According to Theatrical Arts magazine, the troupe tried in its experiment to “avoid the scene of the intellectual who teaches the illiterate people and makes them feel that he is teaching them, as the show starts with an introduction between friends. Instead, the performance starts with equal people who witness the same events and remember forgotten incidents. This theatre does not teach people. It draws their attention to the power that lies within them.”
Khaleda Saeed says: “the Al-Hakawati troupe neither writes nor records history. Instead, it is a mediation platform through which the group writes and records history. Writing arises from day to day lives, individuals, daily worries, and memories. In this regard, the artist does not compose content about the group, nor represent on their behalf their dreams and aspirations, rather the work is based on the advancement of the people’s voice from the margins to the axis.” In other words, the troupe was able to achieve what was necessary as mentioned in its statement, which is “starting from realistic scenes, characters, and sensual events, and transforming them artistically by discovering methods of performance stemming from original taste and imagination.”
A Subjective Equivalent to Lebanon
The troupe members have worked together for many years, despite the religious and cultural differences or intellectual and political affiliation. The troupe seemed equivalent to what Lebanon should have been during the Civil War and beyond. They met with a unified spirit and agreed to work collectively without a dictator director and direct leadership. Instead, each individual bears their responsibility, without anyone cancelling the other, but rather integrating with, and completing each other.
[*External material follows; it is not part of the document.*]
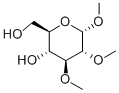 CAS#: 14048-30-7， Methyl 2,3-Di-O-Methyl-alpha-D-Glucopyranoside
The discussion and drafting of the statement lasted two years before its release. These discussions between the troupe members grew in an atmosphere of different ideological affiliations within the group, according to Mukhtar al-Habashi, which produced a diverse unity that achieved a state of enrichment on the theatrical and humanitarian levels among the members until the Al-Hakawati theatre experiment became an authentic love experience.
Roger Assaf summarised the story of the Al-Hakawati theatre during an interview, saying: “It is a fundamental experiment because it changed the relationship of the cultural, artistic work to reality and the audience, with the recognition of those who lived through that period in Lebanon and the Arab world. It was a basic stage in which we discovered how a work of art could be rooted in reality and carry an aspect that allows people to open up and go beyond the limits of their understanding of reality, connect with history and memory, and in particular with the unwritten history carried by people’s collective memory.
“Secondly, it has to do with something outside the context in which we live, i.e., the Arab nation. The discovery of this matter through the theatre is important in the Al-Hakawati’s experience. Not to mention the theatrical form, which is related to the roots of popular culture in Lebanon, with its peculiarity that has a synonym in every Arab country. Our experience in the Al-Hakawati theatre is related to the village in Jabal Amil in the south, and it is not far from the heritage of the Arab peoples. Wherever we represented the Al-Hakawati, it was easy to communicate with the Arab masses.”